Diabetes is a silent killer and silent robber.
Diabetes is a special problem in Singapore.
Diabetes is a solvable problem.
At the NUS Greater Good Series event entitled “Diabetes – The Silent Epidemic”, Dean of the National University of Singapore (NUS) Saw Swee Hock School of Public Health Professor Chia Kee Seng provided the audience with a clear and succinct overview of the diabetes problem facing Singapore today and how a multi-pronged approach is taken to tackle it.
The talk, which focused on what scientists, doctors and researchers can do for the disease, was introduced by Professor Lee Chuen Neng, Chairman of the University Surgical Cluster and Centre for Healthcare Innovation & Medical Engineering (CHIME).

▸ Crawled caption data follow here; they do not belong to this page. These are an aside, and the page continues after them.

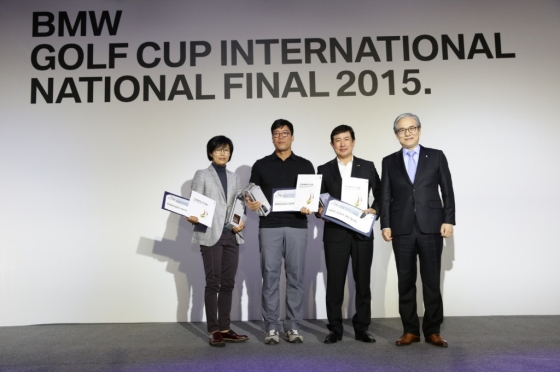 'BMW 골프컵 인터내셔널 2015' 국내 결승정 우승자 3명과 김효준 BMW코리아 사장(맨 왼쪽)/사진제공=BMW코리아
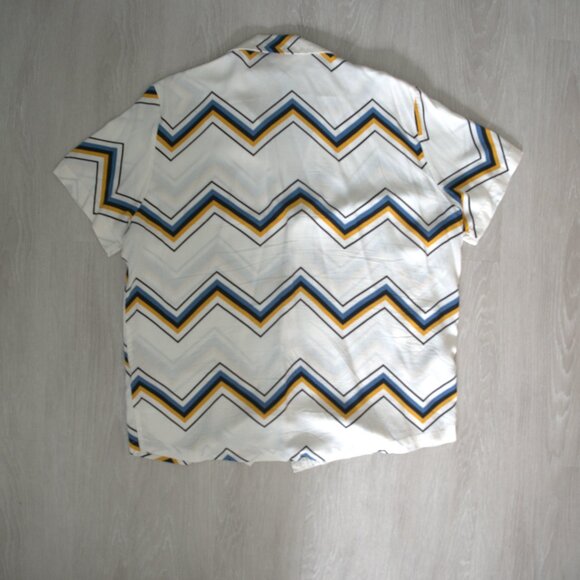 Asos Camp Collar Shirt, Geometric Pattern - Picture 2 of 3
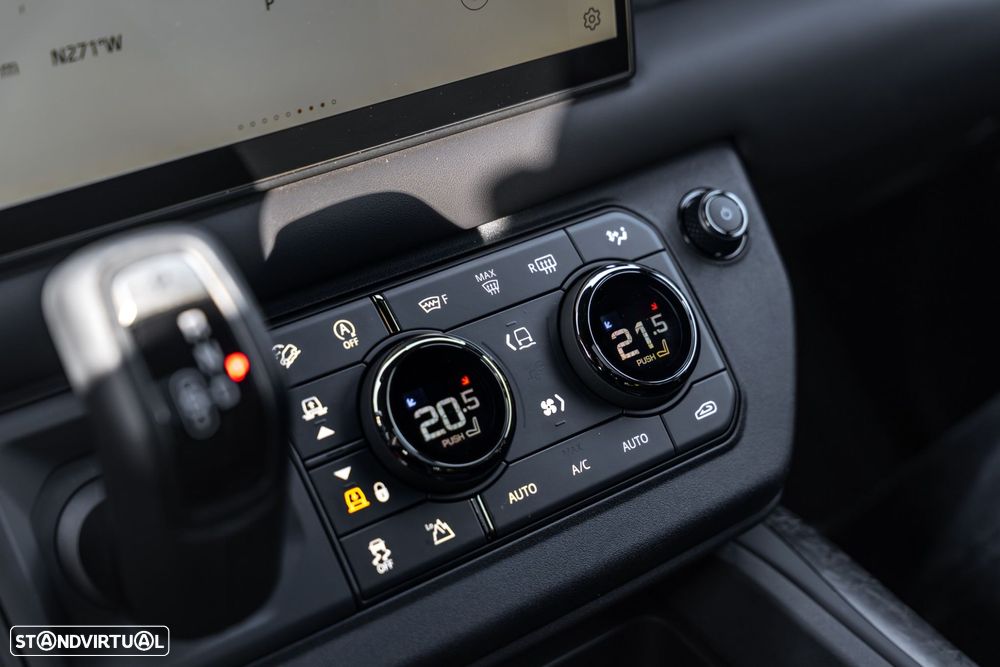 Land Rover Defender 4.4 P635 110 AWD Octa Edition One - 22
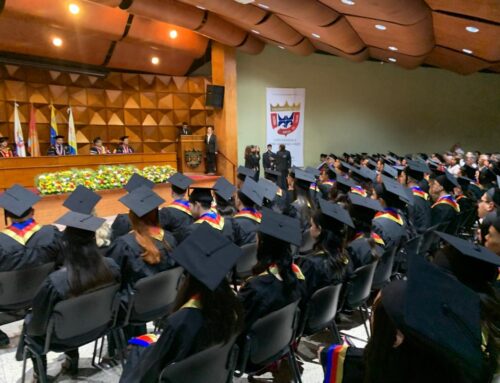 UJAP graduó a 391 nuevos profesionales en una ceremonia cargada de emoción y esperanza
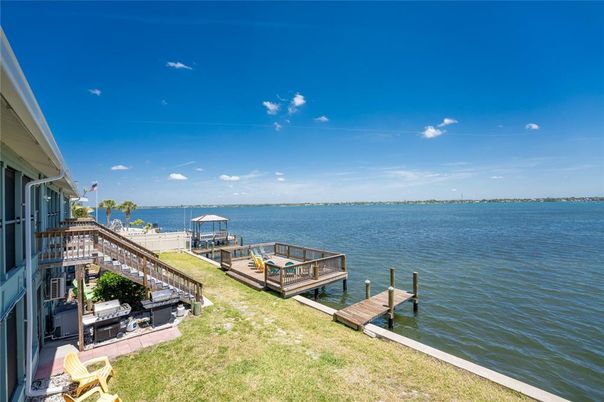Exterior, Lake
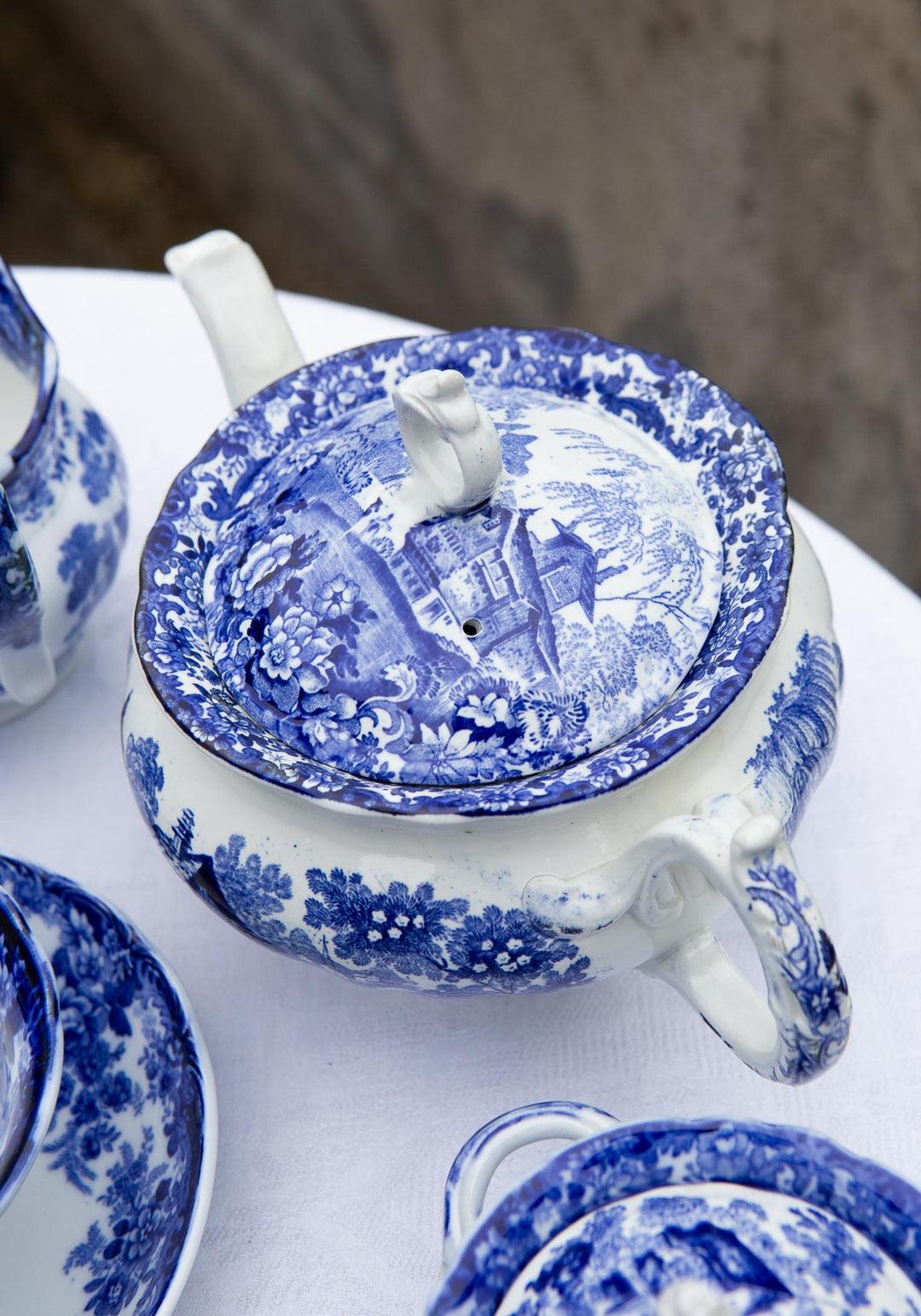 Antiguo juego de té inglés GENEVESE para 6 en loza azul y blanco, MINTONS 1891-1912 (15 PIEZAS)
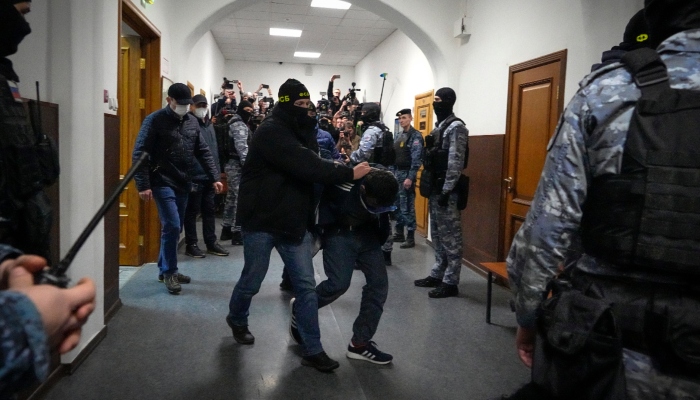 Un sospechoso de participar en el mortal ataque a una sala de conciertos en Moscú es escoltado por agentes de policía en el tribunal de Basmanny, el 24 de marzo de 2024, en Moscú, Rusia.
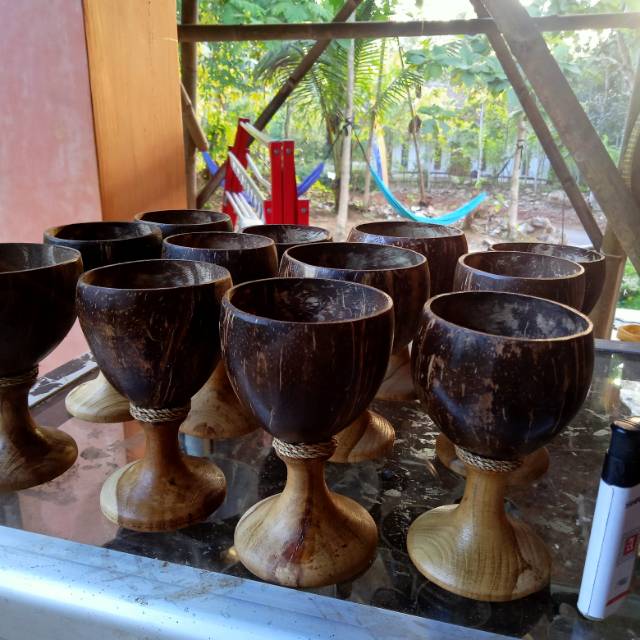Gelas/cangkir kopi/teh batok kelapa menggunakan tihang unik Jadul Natural alami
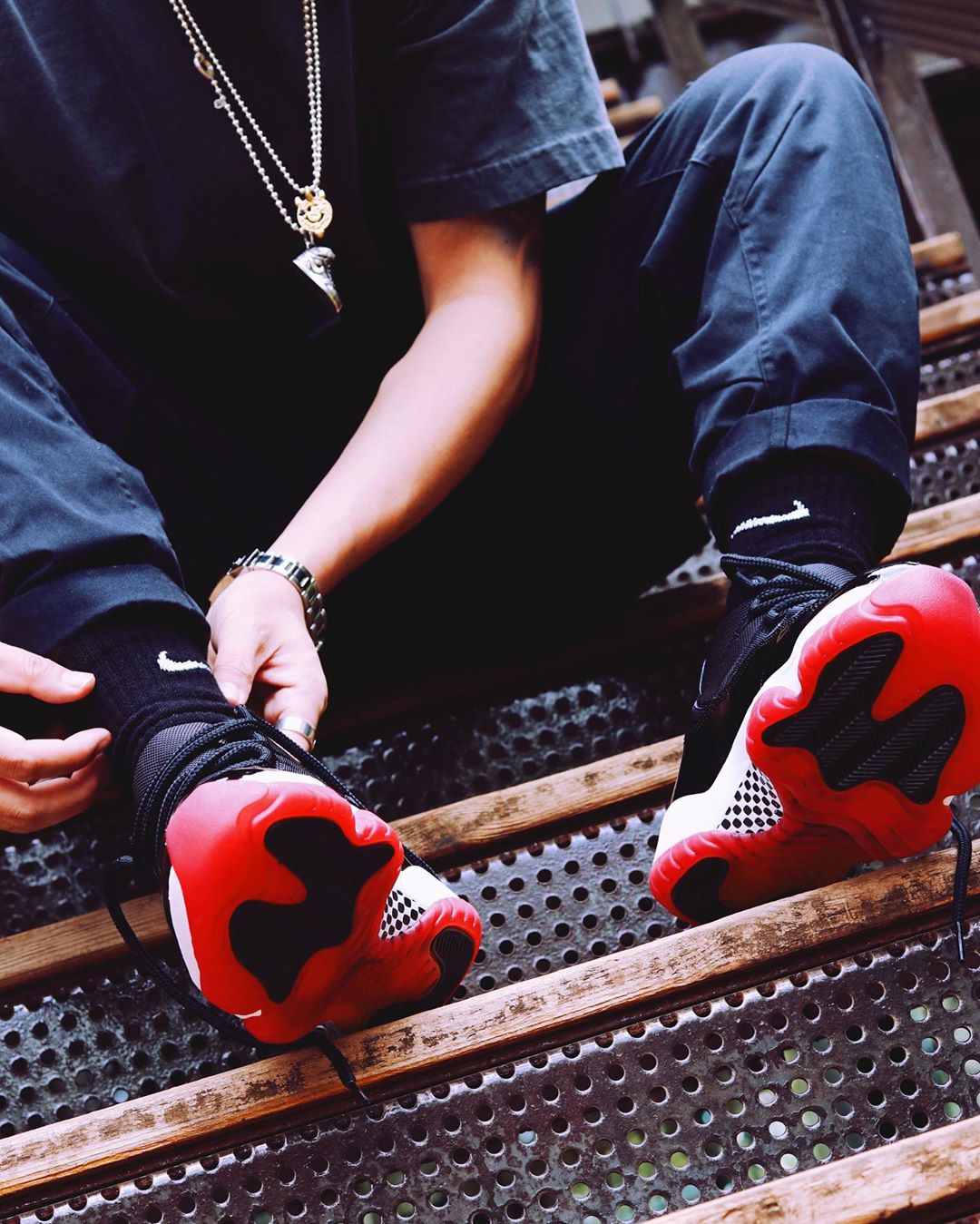 aj11黑紅（目前最好看的上腳圖來了！黑紅 AJ11 真的難以抗拒）
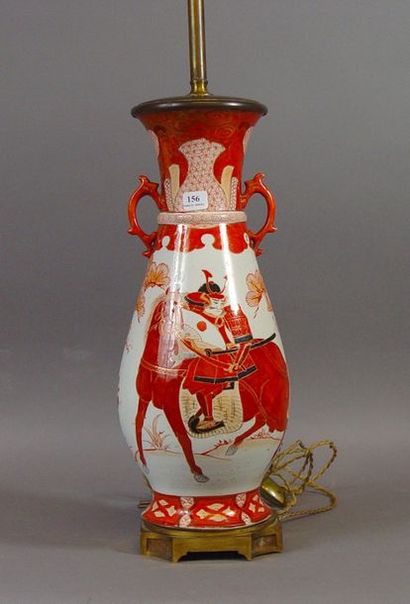 null 156- Vase en porcelaine à décor de cavalier, monté en lampe

Hauteur : 40 c...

Professor Christiani Jeyakumar Henry, nutritionist and Director of the Clinical Nutrition Research Centre at the NUS Yong Loo Lin School of Medicine (NUS Medicine), highlighted that diet and nutrition can make a difference on Type 2 diabetes, the most common type of diabetes. For instance, studies have shown that the consumption of rice, a high-carbohydrate food, with vegetables and a source of protein (i.e. chicken or soya-based products) will reduce an individual’s blood glucose levels as compared to consuming rice alone. Prof Henry revealed that researchers must continue to explore how food can become the new medicine.
Dr David Lai, Director of Surgical Research and Development at the Department of Surgery, NUS Medicine, emphasised that technology also plays an important role in the prevention and cure of diabetes. One example is how the original needle glucometers have evolved to become non-invasive, painless, and even implantable glucose sensors. With nanotechnology and nanoengineering, there are now insulin patches being developed with microneedles that release insulin to allow for almost perfect glucose control.
In closing, the speakers expressed the importance of philanthropy in advancing research and medical development. “Private funding is important as most governments are generally risk-adverse. In research and the development of new technologies, risks must be taken. Even if only a few successes may result from many failures, they could be game-changers, introduce a paradigm-shift, be impactful, and make a real difference to the lives of diabetics. Contributions to the University will allow it to take a longer-term view of risks for greater success,” concluded Dr Lai.